Le roman 2007 de Thierry Tuborg résume
en partie son parcours. Un écrivain issu du milieu rock, décide
de doubler son éditrice qui le méprise ; transposant dans
la littérature le principe du film sur les Pistols, "la grande escroquerie
du rock'n'roll" (*). Ce qui donne une histoire décapante sur les
moeurs éditoriales, où l'on croise en 1975 le fantôme
de Dee Dee Ramone, où l'on trinque au Code Bar, entre l'évocation
d'un concert des Dogs et le label référentiel actuel, Lollipop.

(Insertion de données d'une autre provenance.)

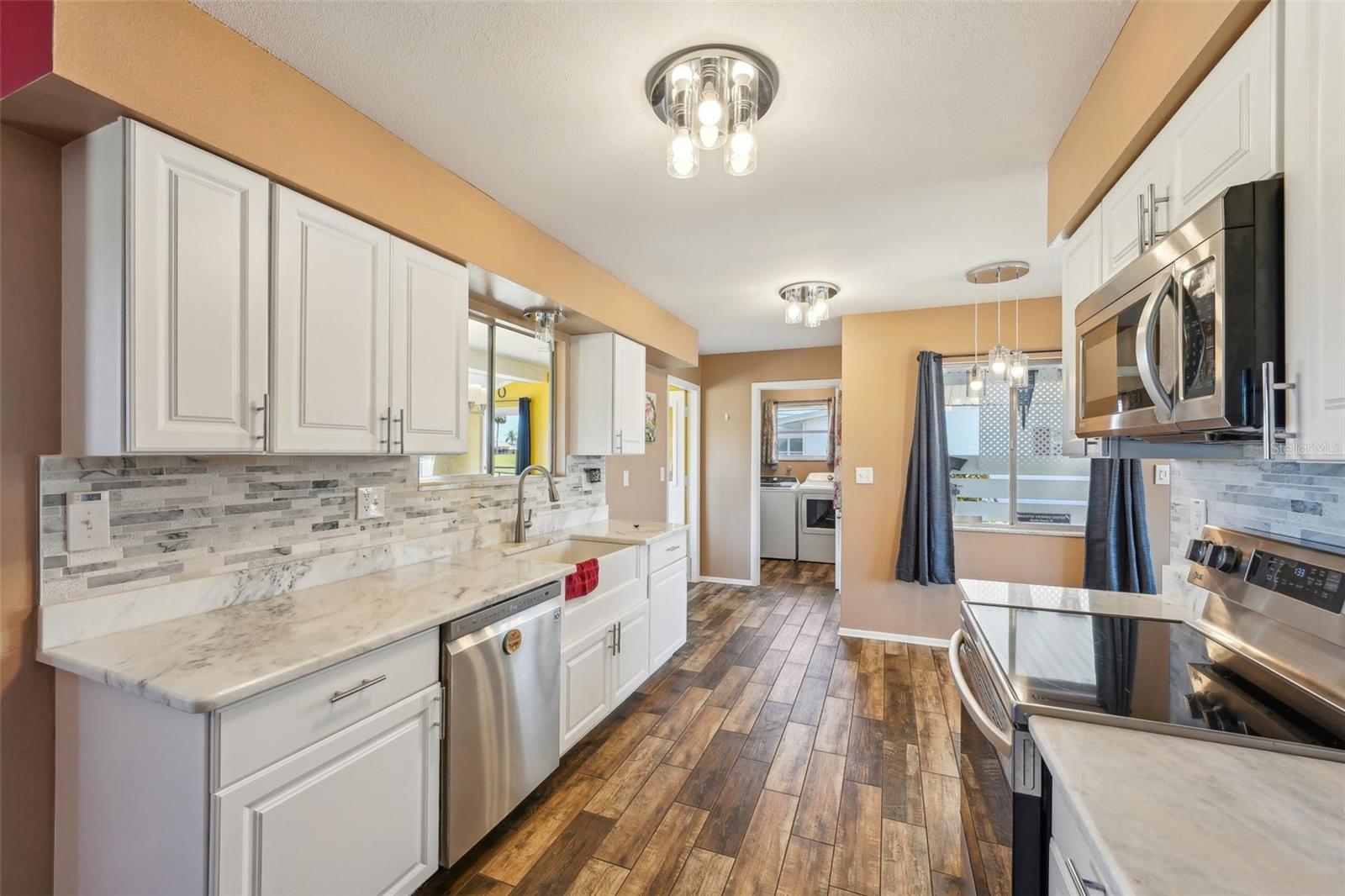 1021 AUGUSTA DR, SUN CITY CENTER, FL, 33573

"J'avais toujours considéré "compromis" comme un mot inachevé
qui se devait comprendre comme "compromission"". C'est d'une logique électrique,
venant de celui qui fut à la fin des 70's bordelaises, le meneur
historique de Stalag. Aujourd'hui à Montpellier, il publie avec
Stalingrad "Loseland".
ACIDE-Cet album 14 titres sonne punk rock
à la Ramones/Stooges pour la compo et le son, avec des paroles à
l'efficacité aussi juste qu'apparemment simple. Chanter "Je salis
tout", ou "Face à mon cadavre", relève d'un bon fond sombre.

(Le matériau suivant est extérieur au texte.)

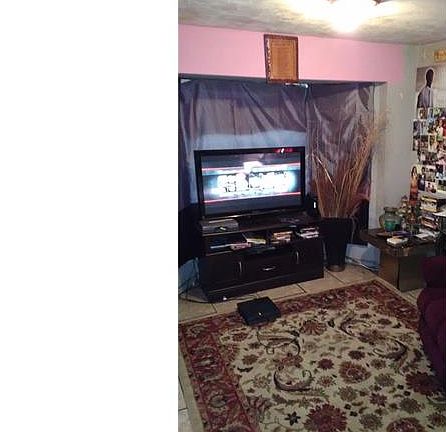 3rd image of 4461 Ohio Ave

Tandis que le bassiste-compositeur interprète "45 degrés
de haine", et rappelle les Sheriff. Stalingrad marque aussi des points
avec ses petits hymnes à la Génération Néant
que sont "Ne lâche rien", solidaire et motivant, ou "Les vieux punks
(finissent toujours par payer)" dont le vécu ne s'invente pas. Quand
l'hommage "Que va penser Eudeline de nous", les acides "Panier de crabes"

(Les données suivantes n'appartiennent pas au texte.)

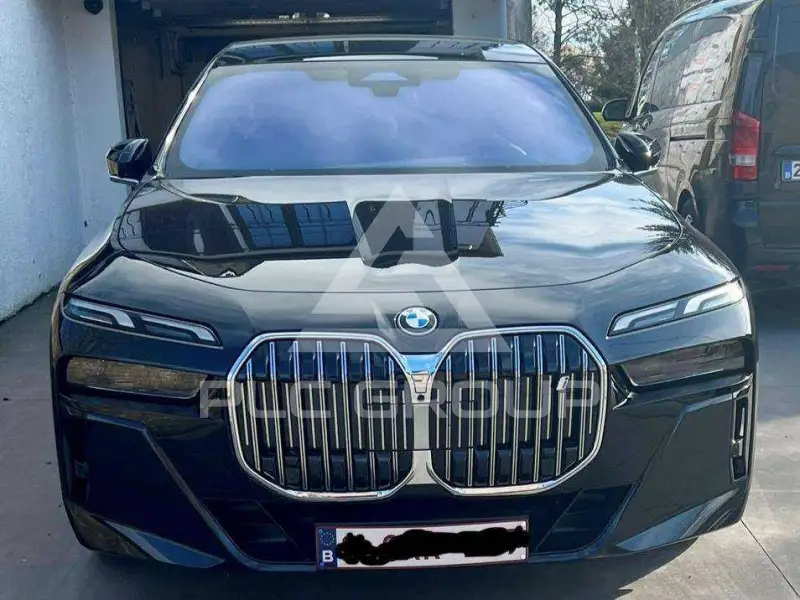 2025 BMW I7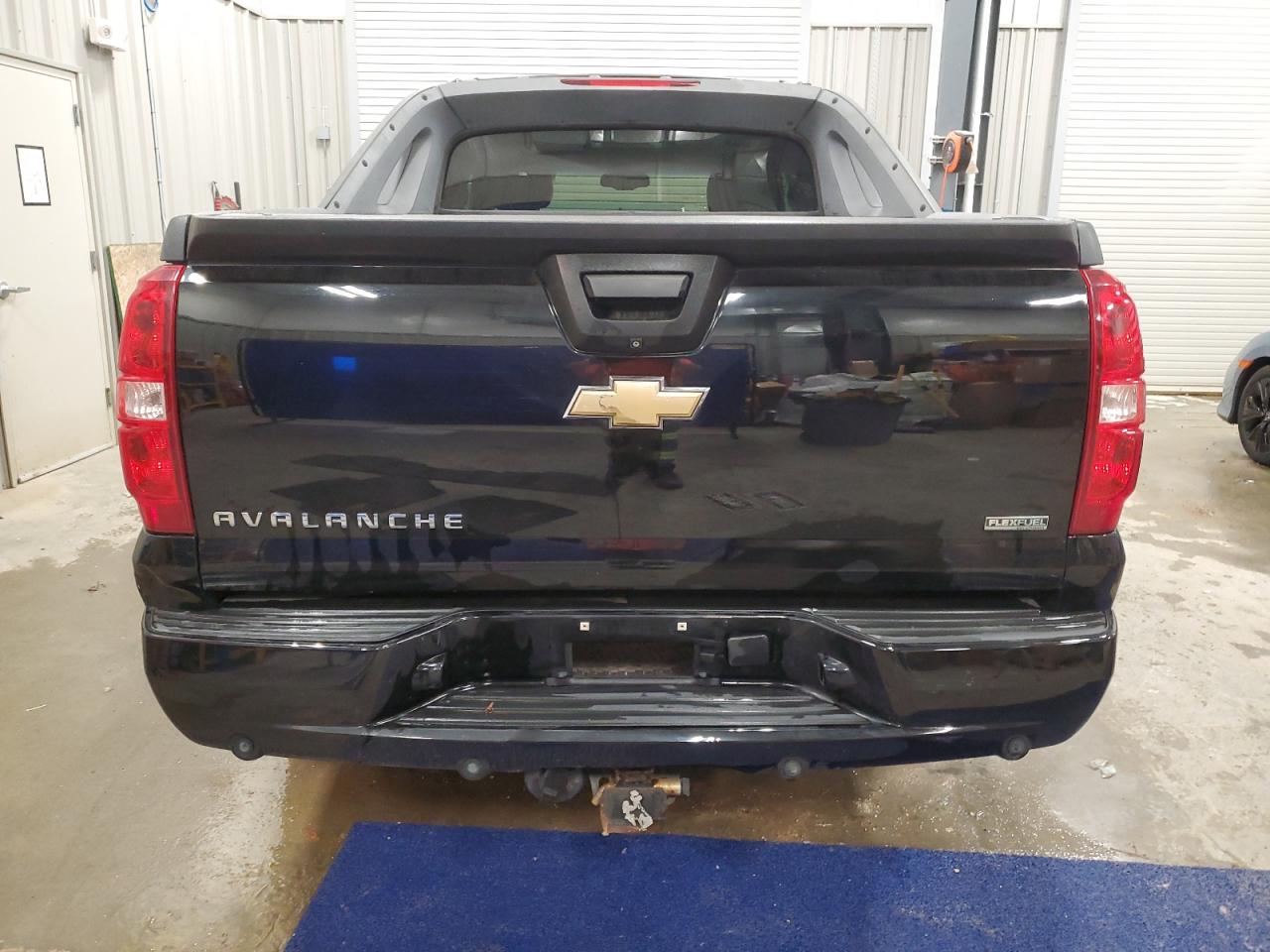 2011 Chevrolet Avalanche Lt VIN: 3GNTKFE37BG261726 Lot: 82093155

et "Où étiez-vous quand nous étions morts" font vignettes
aussi senties que sincères ; principes devenus trop rares en notre
époque virtuelle.
(*) "Les écrivains en costard-cravate",
210 pages, 13 € ; http://thierry-tuborg.nfrance.com
STALINGRAD live
"Que va penser Patrick Eudeline de nous
?" La question-hommage est sincère, et Stalingrad reprend d'ailleurs
"Planté comme un privé" du même. Elle reflète
un état d'esprit développé au fil du set : comment
jouer la musique à qui l'on doit tout, en racontant des choses d'aujourd'hui,
sans faire comme si l'on était toujours en 1977 ?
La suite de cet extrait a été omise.